> **Record excerpts**
-------------------------

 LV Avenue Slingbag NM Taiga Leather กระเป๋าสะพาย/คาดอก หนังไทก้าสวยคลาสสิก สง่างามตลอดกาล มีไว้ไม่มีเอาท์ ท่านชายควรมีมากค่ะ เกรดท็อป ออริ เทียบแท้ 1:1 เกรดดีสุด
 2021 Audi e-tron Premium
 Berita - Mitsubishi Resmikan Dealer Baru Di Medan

-------------------------

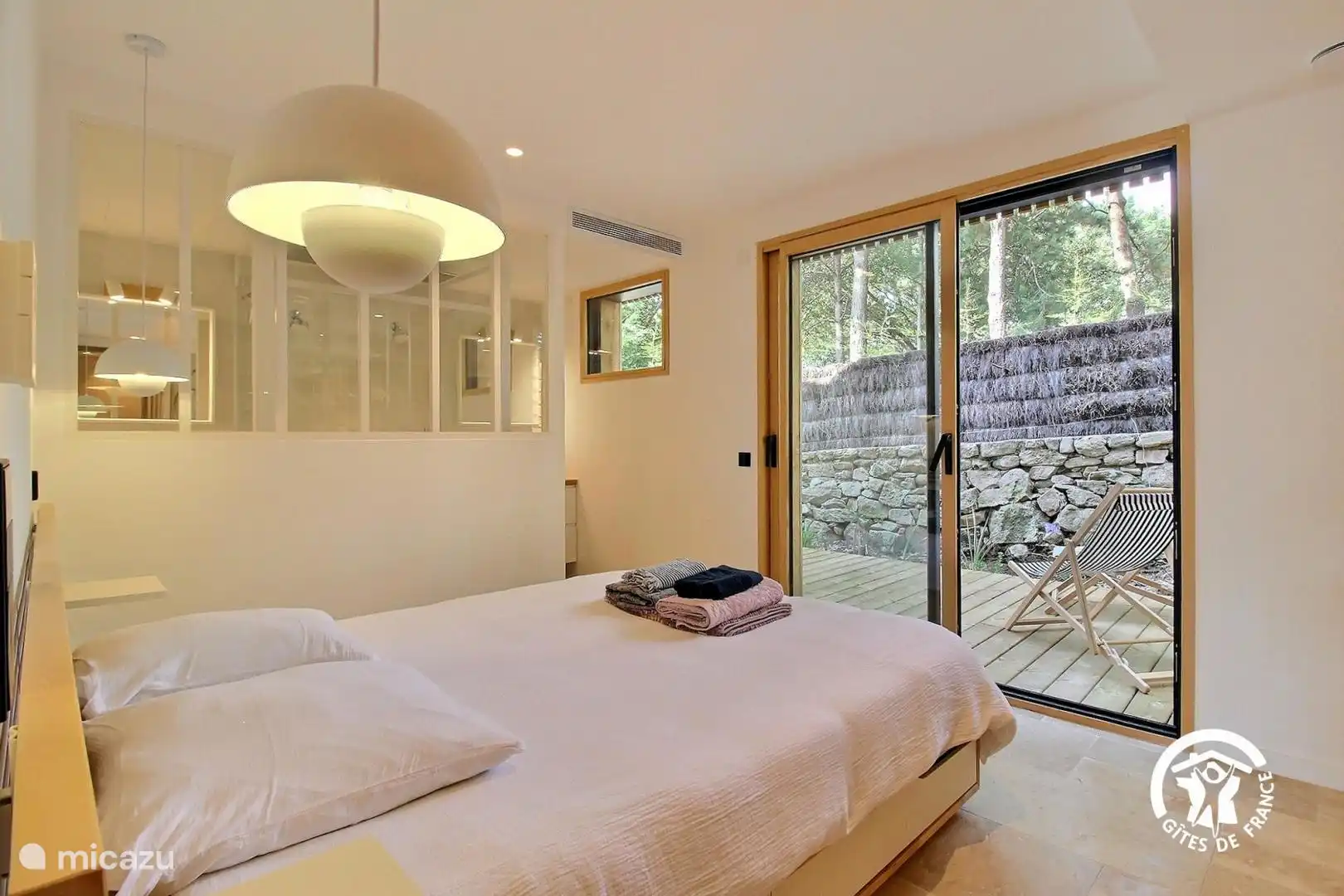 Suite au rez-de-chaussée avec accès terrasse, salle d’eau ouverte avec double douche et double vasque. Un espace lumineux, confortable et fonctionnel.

-------------------------

All lines above from the line with "2021 Audi e-tron Premium" through the line with "Berita - Mitsubishi", both included, are to be set down exactly, with nothing else.

> **Task result**
 2021 Audi e-tron Premium
 Berita - Mitsubishi Resmikan Dealer Baru Di Medan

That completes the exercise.